In contrast, vector elements are described by mathematical equations; therefore, results in infinite resolution, which means no matter how you zoom in, the file will not pixelate.
PNGs are often the final product of the design process, i.e., after you create your logo or illustration in a vector, exporting that design as a PNG is a common step.
So, returning that PNG to a vector format isn’t always easy, especially if your design is complicated, but there are two ways to do that in Inkscape:
- Trace Bitmap.
- Manual tracing.
Table of Contents
Convert a PNG to SVG Using Trace Bitmap
It is a built-in tool in Inkscape that enables the user to trace a raster image into a vector one. It is easy to use, and you can achieve fabulous results if you tweaked the settings to what fits your needs.
Pros of Trace Bitmap
- Its ease of use.
- If mastered, it can save you a lot of time.
- There are just enough options to give you the results you are looking for, without confusing the user with many options.
Cons of Trace Bitmap
- It doesn’t always work, for example, it doesn’t work on complex designs, giving poor results in this case, also the quality of the input PNG may be the reason behind its failure sometimes.
- The algorithm isn’t perfect, it generates paths with random nodes, so even in symmetrical shapes it doesn’t produce perfectly symmetrical paths. Also, you may find random nodes in the midst of straight lines which is totally nonsensical!
- It produces infinitesimal paths, which are inconvenient when trying to edit you design in the future, these lead to increase the number of nodes, which can drop the performance by consuming many resources (A lot of math!!).
But if your design that you want to trace is a simple one, you will get a great outcome without the hassle of manually tracing you image.
You can overcome the obstacle of high number of nodes by simplifying the path, but you don’t need to do so unless you are a perfectionist, in that case it is better to perform the tracing manually.
The third problem can be tackled by removing these unwanted paths.
Steps to Perform a Trace Bitmap
- Import the image you want to trace, the easiest way is by dragging and dropping, then choose smooth in the Image Rendering Mode.
- Open the Trace Bitmap menu which can be found in Path>Trace Bitmap.
- If you image is simple, then just select auto trace.
- Click apply.
- Do some clean-up and recoloring; if needed.
Trace Bitmap Main Options
- Single scan vs Multiple scans: this is concerning the output, if you want a single path then choose the first option, if you want multiple paths grouped together then choose multiple scans.
- Tracing method: there are four options.
- Brightness cut-off: this uses the difference in brightness of the input image to make the paths, you can specify the threshold brightness which is basically the difference that Inkscape uses to decide to which path a region belongs.
- Edge detection: this method detects edges rather than silhouettes, so the output is just outlines, but you can color these paths later, the edge threshold is similar to the previous, but in this case, it means how much length should Inkscape consider as a step, but note the edges are paths filled with black not strokes.
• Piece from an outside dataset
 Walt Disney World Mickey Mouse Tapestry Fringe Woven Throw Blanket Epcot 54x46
- Color quantization (multiple steps): this uses the differences of color to define the steps; it is the best method if you have colorful designs.
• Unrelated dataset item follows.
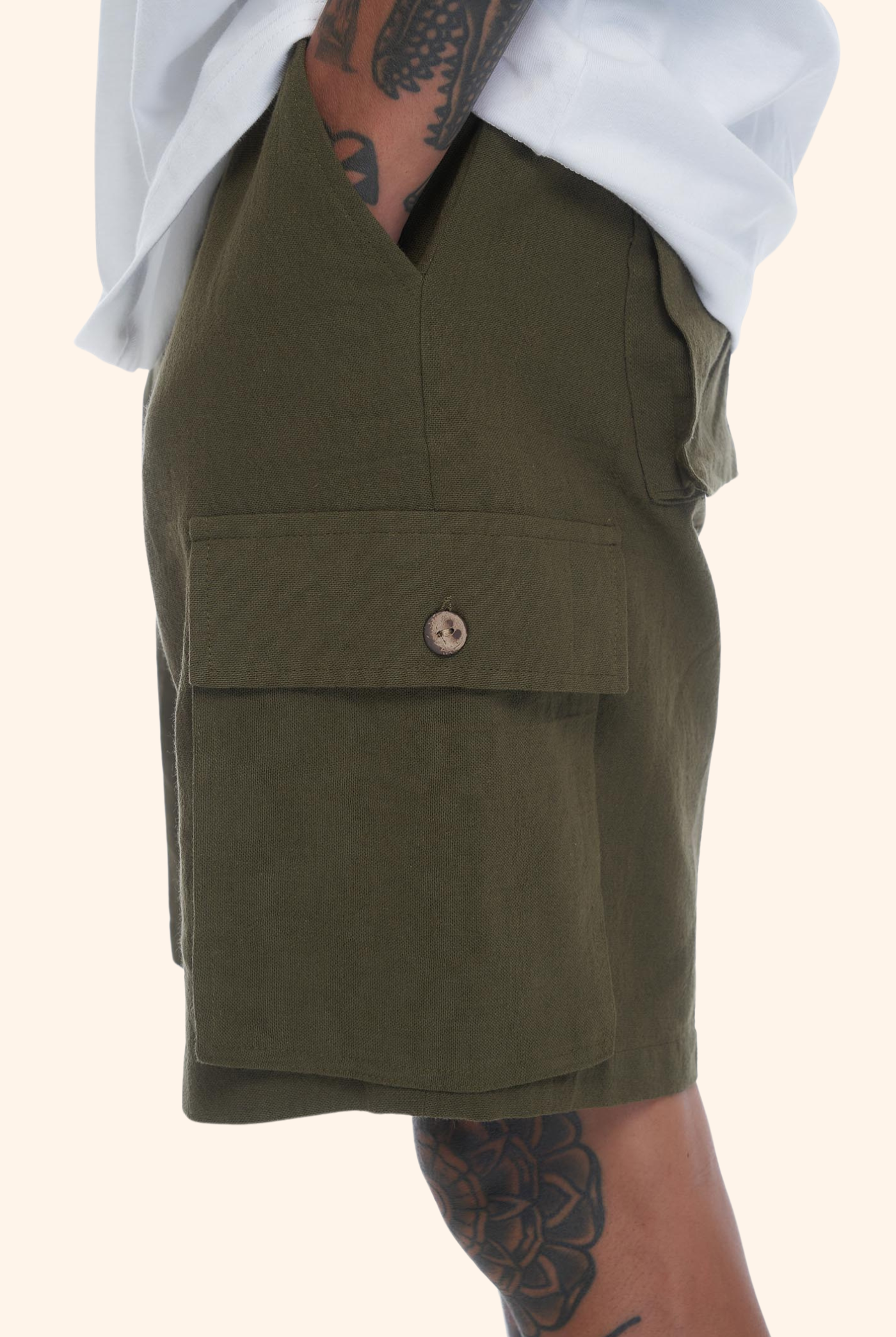 Waiheke Linen Short Army Green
- Autotrace: this method uses an algorithm to suggest the best settings; I used this method in the video.
- Centerline tracing: on contrast to the previous methods, this method traces the center of lines; therefore, it is best suited for line-art.
There are minor options you can explore yourself; because If I wrote about them the article will be unnecessarily lengthy.
Convert a PNG to SVG Using Manual Tracing
Manually tracing images works like carbon-copying; but in reverse.
You place your image in Inkscape, then you manually draw on top of the image (you can decrease the opacity of your image to see better), the most useful tool in manual tracing is the Bezier pen, so some knowledge about how the tool works is beneficial at this step.
Pros of Manual Tracing
- You have a full control of the outcome.
- You almost never run out of resources.
- The final outcome is more manageable.
Cons of Manual Tracing
- Can be tedious and time consuming.
- There is learning curve, mastering manual tracing takes a lot of time and effort.
Tips for Manual Tracing
Actually, there are no steps to follow in this process, but here are some guidelines; these are about the options of Bezier pen which are located in the top left of your canvas:
- Create regular Bezier path is the default option: you create corners by clicking, and curves by clicking and dragging.
- Create spiro path lets you create paths of spiral edges with a minimum number of nodes; it is a handy option but trickier to use.
- If you’ll be tracing many curved lines but the spiro paths option doesn’t work for you, then the Create BSpline path option is what you need, but this option is easier to use if you create a relatively higher number of nodes.
- If your design has a lot of sharp corners; then use Create a sequence of straight lines option.
The other options are not relevant when using the Bezier pen to trace.
In this article we learned how to convert a PNG to an SVG, but these methods do work with other image files that are supported by Inkscape like JPG, also we learned a bit about the power of Bezier pen.